Desde que anunciou o HomePod, em setembro de 2017, a Apple insistiu na sua qualidade de reprodução do som como grande diferenciador, incluindo a capacidade de se adaptar ao tamanho e disposição de cada divisão da casa. Esta foi, na verdade, a génese do aparelho: os engenheiros de som da Apple trabalhavam num altifalante há dois anos quando, em 2014, a Amazon os apanhou na curva ao lançar o Echo. Um aparelho de reprodução de som de alta qualidade era o foco da fabricante do iPhone, mas o tempo que demorou a completar o HomePod ditou a sua chegada a um mercado completamente diferente – dominado pela Amazon e com a Google no seu encalce.
Francisco Jerónimo suspeita que o atraso no lançamento se deveu menos a questões técnicas e mais a questões de diferenciação, visto que todos os outros aparelhos Apple já têm Siri e um dispositivo que apenas responde a perguntas não tem grande utilidade.
A atratividade destes aparelhos é poderem conectar-se a outros dispositivos domésticos e transformarem-se num centro de controlo da casa inteligente. Pedir para desligar as luzes, subir a temperatura da sala ou iniciar o ciclo de lavagem são vantagens de uma rede IoT doméstica controlada por voz com um destes aparelhos.
“Por outro lado”, afirma Francisco Jerónimo, “há estudos que indicam que quem tem um smart speaker está a usar menos o telefone em casa, o que coloca um grave problema a qualquer fabricante, principalmente à Apple.”

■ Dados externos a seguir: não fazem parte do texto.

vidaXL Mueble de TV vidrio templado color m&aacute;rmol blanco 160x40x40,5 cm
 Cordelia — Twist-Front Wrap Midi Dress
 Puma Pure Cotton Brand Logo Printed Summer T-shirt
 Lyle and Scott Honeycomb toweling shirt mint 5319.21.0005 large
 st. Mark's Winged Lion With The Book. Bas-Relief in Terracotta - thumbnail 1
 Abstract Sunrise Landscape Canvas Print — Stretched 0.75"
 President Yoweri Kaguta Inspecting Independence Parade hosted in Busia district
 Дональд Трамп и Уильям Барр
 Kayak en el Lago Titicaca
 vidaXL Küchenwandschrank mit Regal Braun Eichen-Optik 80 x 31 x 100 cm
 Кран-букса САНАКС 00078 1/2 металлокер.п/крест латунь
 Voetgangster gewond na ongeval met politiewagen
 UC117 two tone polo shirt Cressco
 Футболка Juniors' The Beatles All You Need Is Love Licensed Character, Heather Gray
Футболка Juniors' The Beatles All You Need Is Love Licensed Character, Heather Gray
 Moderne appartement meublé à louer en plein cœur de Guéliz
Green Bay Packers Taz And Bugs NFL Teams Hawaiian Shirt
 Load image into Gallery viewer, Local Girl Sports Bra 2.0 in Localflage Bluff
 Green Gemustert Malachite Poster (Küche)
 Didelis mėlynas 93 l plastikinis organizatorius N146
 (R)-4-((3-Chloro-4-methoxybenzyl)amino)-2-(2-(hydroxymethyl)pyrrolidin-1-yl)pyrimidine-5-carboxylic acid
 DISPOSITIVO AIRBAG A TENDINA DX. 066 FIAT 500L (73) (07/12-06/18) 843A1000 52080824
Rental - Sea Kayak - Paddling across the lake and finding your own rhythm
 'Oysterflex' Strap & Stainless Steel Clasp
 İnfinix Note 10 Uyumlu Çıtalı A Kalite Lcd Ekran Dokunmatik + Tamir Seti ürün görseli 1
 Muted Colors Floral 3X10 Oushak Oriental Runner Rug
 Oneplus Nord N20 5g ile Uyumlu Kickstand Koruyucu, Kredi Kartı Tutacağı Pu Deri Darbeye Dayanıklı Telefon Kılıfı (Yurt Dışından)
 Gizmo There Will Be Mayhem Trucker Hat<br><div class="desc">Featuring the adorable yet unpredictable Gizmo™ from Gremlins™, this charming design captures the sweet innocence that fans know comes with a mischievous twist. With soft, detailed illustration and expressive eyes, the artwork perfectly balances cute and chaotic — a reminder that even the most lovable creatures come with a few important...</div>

O analista acrescenta outra tendência curiosa: enquanto um iPhone ou um Apple Watch é algo que as pessoas trazem consigo a toda a hora, um altifalante está em casa e ninguém o vê. “Não é uma questão de mostrar aquilo que se tem, mas do que funciona melhor”, salienta. “Isso é algo que a Apple tem que trabalhar para tentar ter uma proposta de valor.” O HomePod ligado à Apple TV, por exemplo, seria uma mais-valia. “É nesse sentido que acredito que estejam a trabalhar e daí adiarem o produto, porque provavelmente vão trazer uma solução muito mais integrada, com uma série de dispositivos, do que só Siri num smart speaker.”
Para isso, é preciso que os dispositivos inteligentes que os consumidores têm sejam compatíveis com HomeKit, a interface aplicacional que a empresa lançou em 2014 para ligar os objetos da então incipiente Internet das Coisas. A Apple chega tarde ao jogo e o mercado pergunta se que a marca terá peso suficiente para dificultar a vida de quem vai na frente.